START LISTED ENTRIES

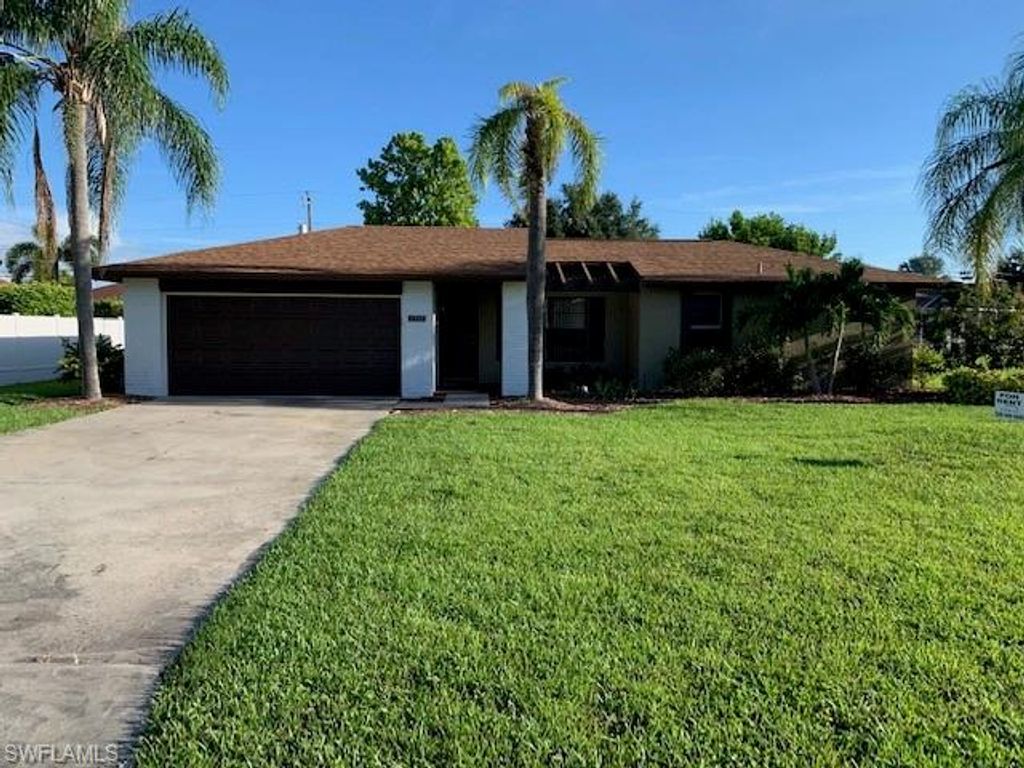 1911 SE 21st ST, Cape Coral, FL 33990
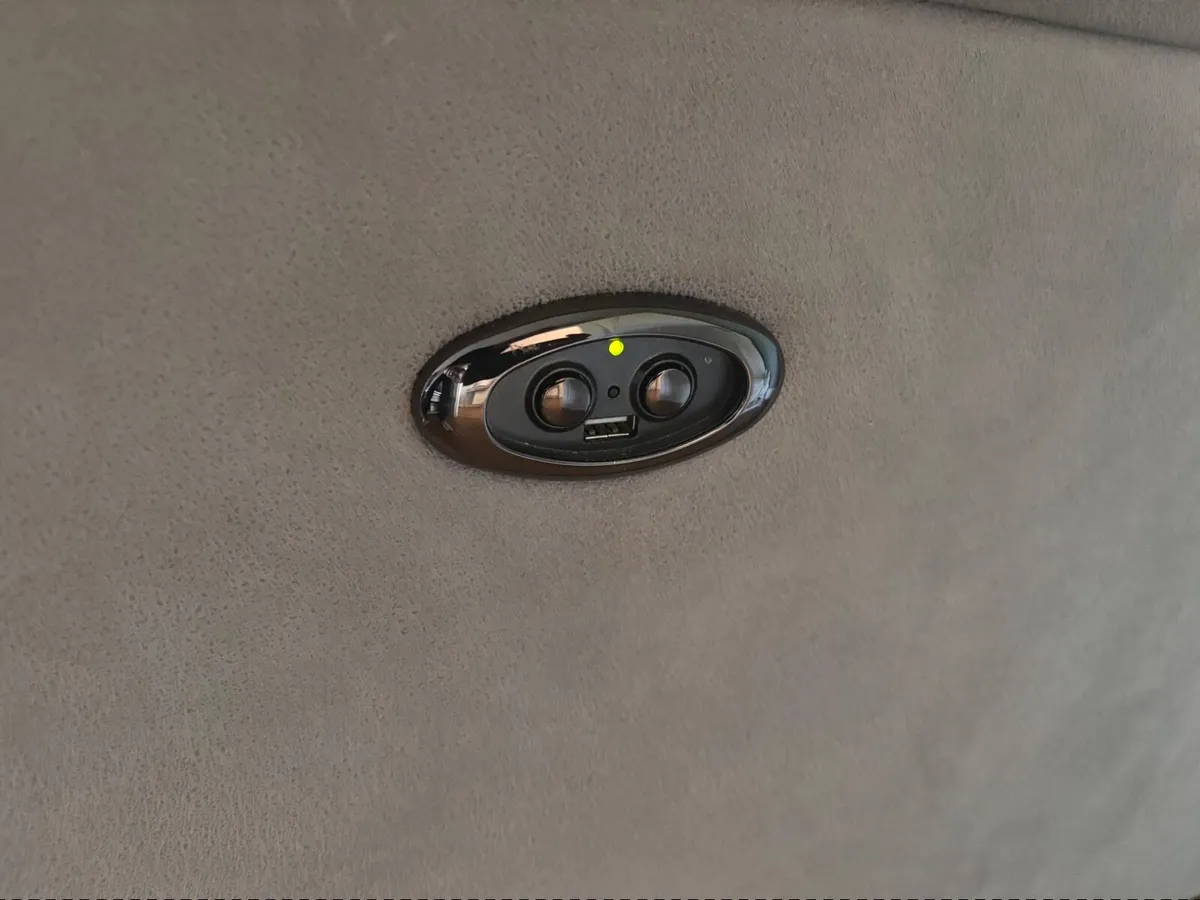 Sofa - Image 3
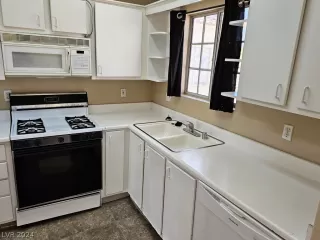 Photo #4: 2575067 Listing 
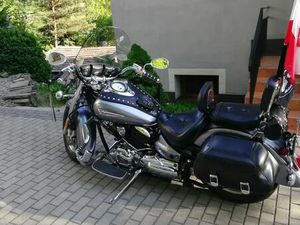 YAMAHA V STAR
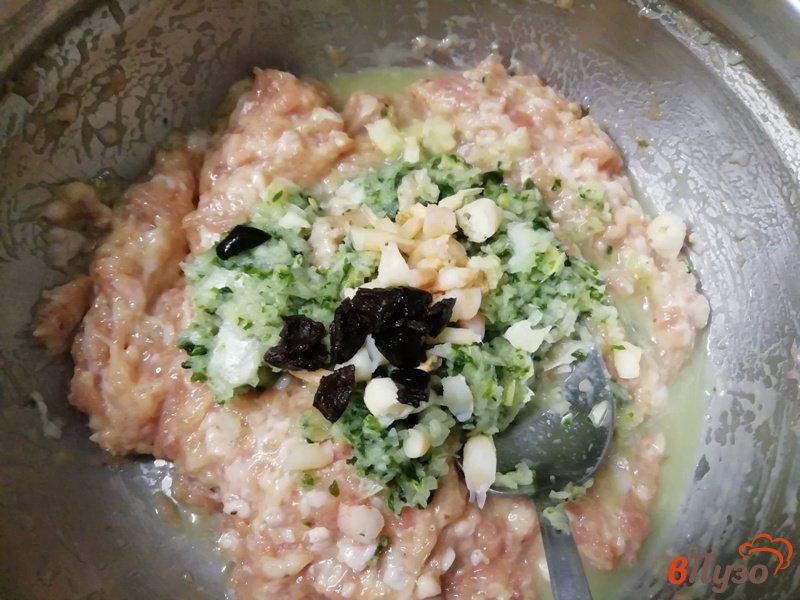 Фото приготовление рецепта: Куриные сосиски с вялеными маслинами, шпинатом и креветками шаг №4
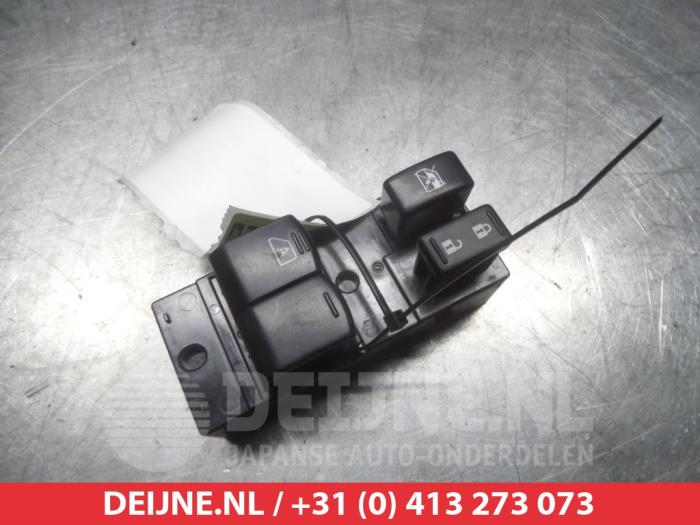 Nissan Micra Combischakelaar ramen O311723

END LISTED ENTRIES

• _TASK PROMPT_: In your copy, omit the pictures and restate every line of the data word for word.

• _RESPONSE FOR THIS EXERCISE_:
 1911 SE 21st ST, Cape Coral, FL 33990
 Sofa - Image 3
 Photo #4: 2575067 Listing 
 YAMAHA V STAR
 Фото приготовление рецепта: Куриные сосиски с вялеными маслинами, шпинатом и креветками шаг №4
 Nissan Micra Combischakelaar ramen O311723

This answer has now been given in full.